As pointed out, the most common measure is the so called word error rate (WER%). Such a performance is computed by comparing a reference transcription with the transcription output by the speech recognizer. From this comparison it is possible to compute the number of errors, which typically belong to 3 categories:
-Insertions I (when in the output of the ASR it is present a word not present in the reference)
-Deletions D(a word is missed in the ASR output)
-Substitutions S (a word is confused with another one)
WER= (S+D+I)/N
Where N is the number of words in the reference transcription.
The main issue in computing this score is the needed alignment between the 2 word sequences. This can be obtained through dynamic programming, using the so called Levenstein distance. Fortunately, you can find on-line several tool to compute it…

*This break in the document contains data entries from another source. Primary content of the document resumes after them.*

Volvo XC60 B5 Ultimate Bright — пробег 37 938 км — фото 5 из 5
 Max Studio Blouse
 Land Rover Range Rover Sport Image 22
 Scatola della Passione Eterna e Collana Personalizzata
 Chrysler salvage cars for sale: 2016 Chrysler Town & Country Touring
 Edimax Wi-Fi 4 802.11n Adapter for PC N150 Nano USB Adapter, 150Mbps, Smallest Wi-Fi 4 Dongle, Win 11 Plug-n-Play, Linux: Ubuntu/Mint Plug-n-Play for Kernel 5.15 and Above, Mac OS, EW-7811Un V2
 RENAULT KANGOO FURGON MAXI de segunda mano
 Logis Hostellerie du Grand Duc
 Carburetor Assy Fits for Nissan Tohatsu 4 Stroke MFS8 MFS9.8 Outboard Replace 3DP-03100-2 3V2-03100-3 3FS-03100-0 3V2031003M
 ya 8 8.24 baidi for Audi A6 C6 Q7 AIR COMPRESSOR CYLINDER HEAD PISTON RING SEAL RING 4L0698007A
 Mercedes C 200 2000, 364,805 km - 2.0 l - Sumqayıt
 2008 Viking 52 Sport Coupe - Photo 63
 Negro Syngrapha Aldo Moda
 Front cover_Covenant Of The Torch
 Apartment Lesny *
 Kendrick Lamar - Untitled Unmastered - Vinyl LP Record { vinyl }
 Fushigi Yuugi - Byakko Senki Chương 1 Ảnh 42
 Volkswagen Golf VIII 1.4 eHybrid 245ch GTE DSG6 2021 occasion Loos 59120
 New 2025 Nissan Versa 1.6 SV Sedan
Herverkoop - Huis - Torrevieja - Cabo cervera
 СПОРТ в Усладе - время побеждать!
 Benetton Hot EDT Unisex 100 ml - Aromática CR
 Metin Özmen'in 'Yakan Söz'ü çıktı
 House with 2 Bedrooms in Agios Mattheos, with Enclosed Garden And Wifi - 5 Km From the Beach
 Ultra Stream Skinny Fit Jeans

Although Mirco is correct and indeed many papers use this measure, I just want to add one point of caution. The formula which is given is normalized against the prompt, so it is possible to get error rates that are greater than 100%, using this formula -- i.e., when I > D, namely when the length of the results is greater than the number of words in the prompt. Therefore, for performance comparison, say among algorithms or parameter changes, it is better to work directly with the S, D, and I and not read too much into the WER given by this equation. Alternatively, you can devise different nonstandard normalizations to aid you in making decisions on your algorithmic enhancements.
The conventional metric is WER (described above). It can indeed be greater than 100%. But if it is, your problems are more serious than deciding on a metric. It's usual to tune decoder parameters such that insertion and deletions balance; if they don't you have a mis-tuned decoder.
For some languages, such as Mandarin, the metric is often CER -- Character Error Rate.
Then there's Utterance Error Rate -- the rate for a completely accurate transcription. This matters in some applications; for example, your digit error rate may be 1%, but what if your application uses inputs of 16 digit strings (a credit card number)? Now the effective error rate is ~15% and the accuracy is not so good.
If you'e doing something like information retrieval, WERs up to 30-35% give performance equivalent to that for a correct text transcription.
Finally, if the application is a dialog system, WER can rise to ~35% but the system may still be able to achieve an acceptably high completion rate (since it can fix errors though clarification, etc.)
Also bear in mind that for some applications such as Key Word Search the WER is tangentially informative. What you actually want to know is something like the Lattice Recall rate.